Exercise directions
Transcribe all of the data verbatim, please, and leave out its pictures.
▼
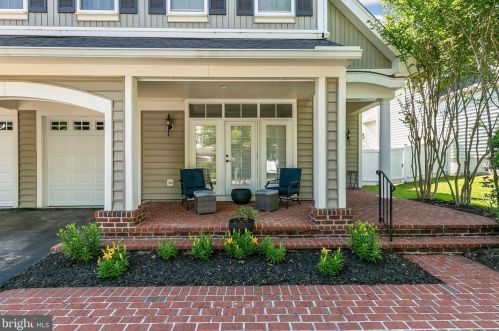 17702 Hidden Garden Ln, Ashton, MD 20861-3650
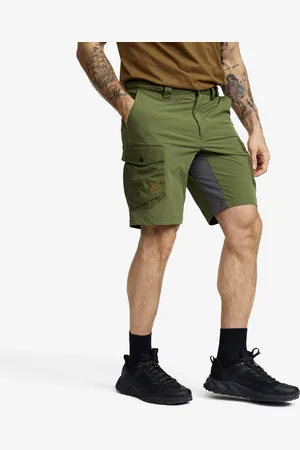RevolutionRace Rambler Lightweight Pro Shorts Miehet Cypress, Koko:S - > Shortsit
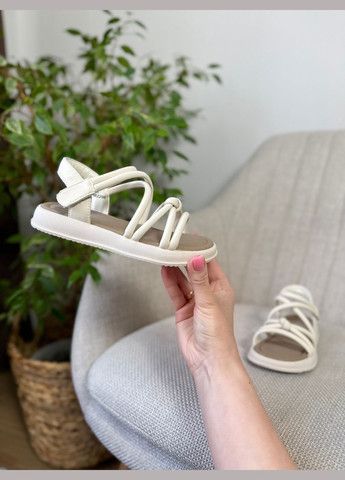 Светло-бежевые босоножки Apawwa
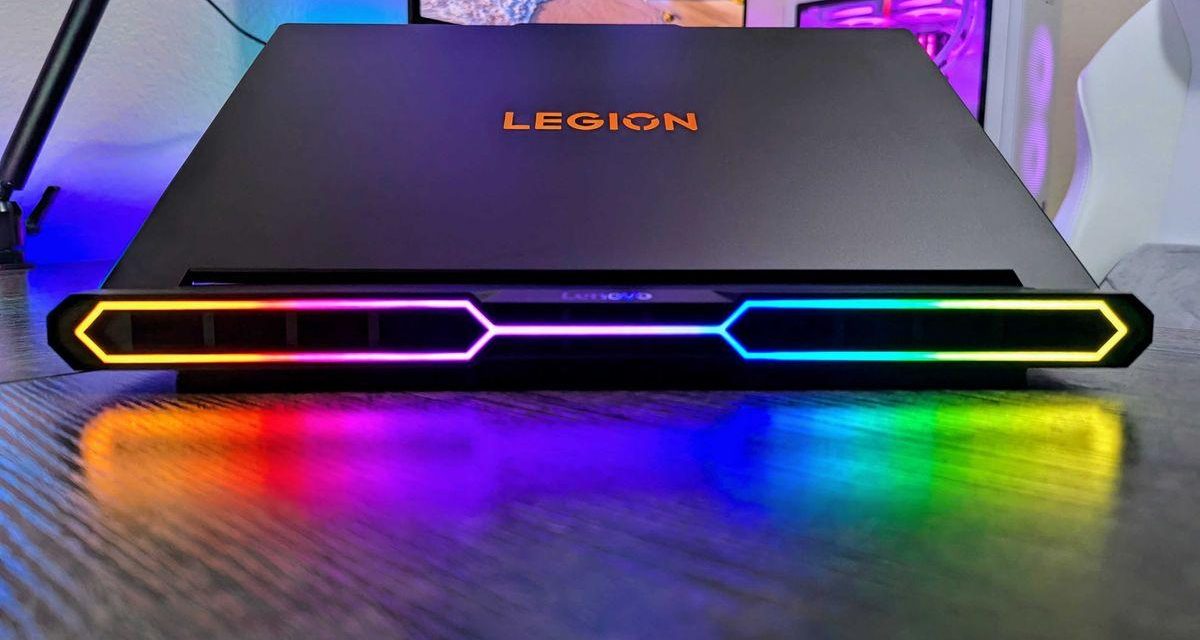 Layar Super Halus! Lenovo Legion Pro 7i & Refresh Rate 240Hz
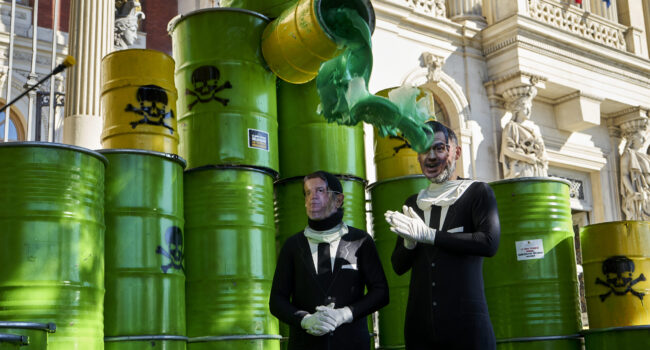 Pedro Sánchez y Luis Planas reciben un baño de pesticidas en una protesta para denunciar el acuerdo comercial entre la UE y los países del Mercosur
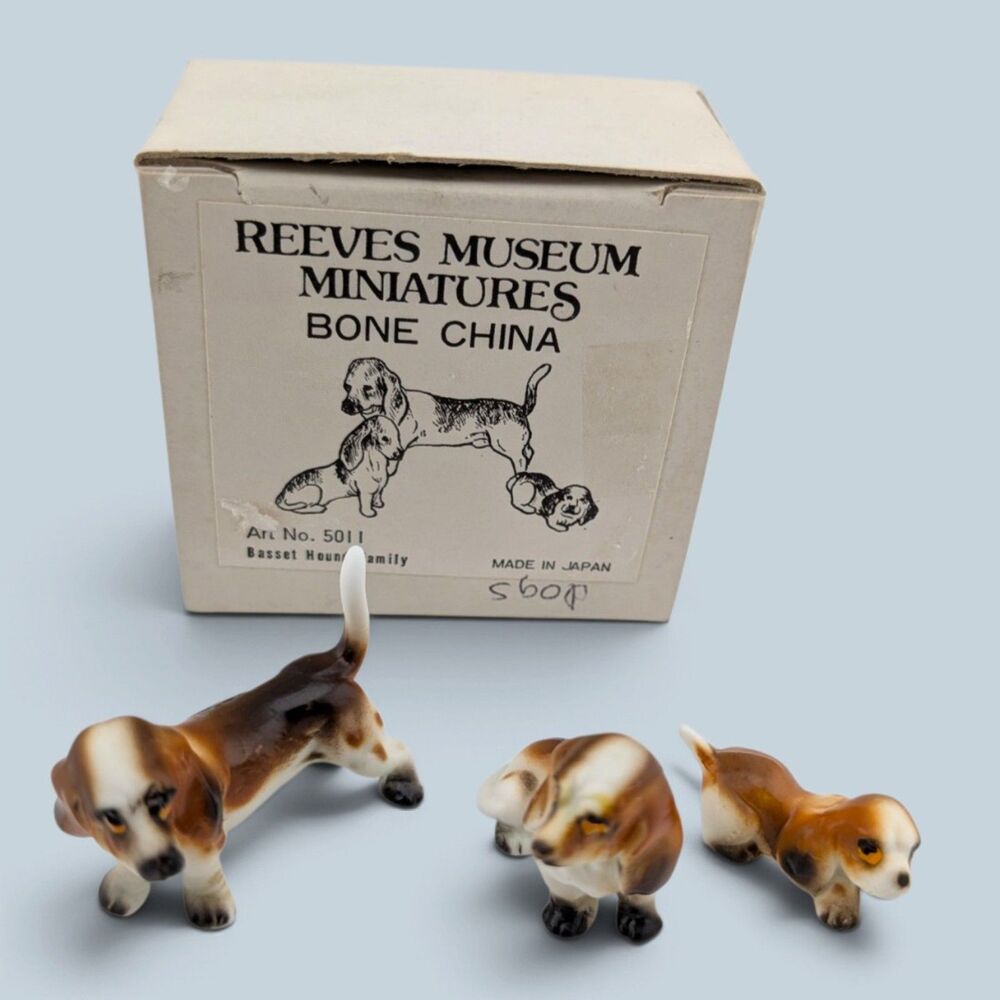 Vintage Reeves Museum Miniatures 5011 Basset Hound Family Bone China Japan w Box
▲
Written response
 17702 Hidden Garden Ln, Ashton, MD 20861-3650
RevolutionRace Rambler Lightweight Pro Shorts Miehet Cypress, Koko:S - > Shortsit
 Светло-бежевые босоножки Apawwa
 Layar Super Halus! Lenovo Legion Pro 7i & Refresh Rate 240Hz
 Pedro Sánchez y Luis Planas reciben un baño de pesticidas en una protesta para denunciar el acuerdo comercial entre la UE y los países del Mercosur
 Vintage Reeves Museum Miniatures 5011 Basset Hound Family Bone China Japan w Box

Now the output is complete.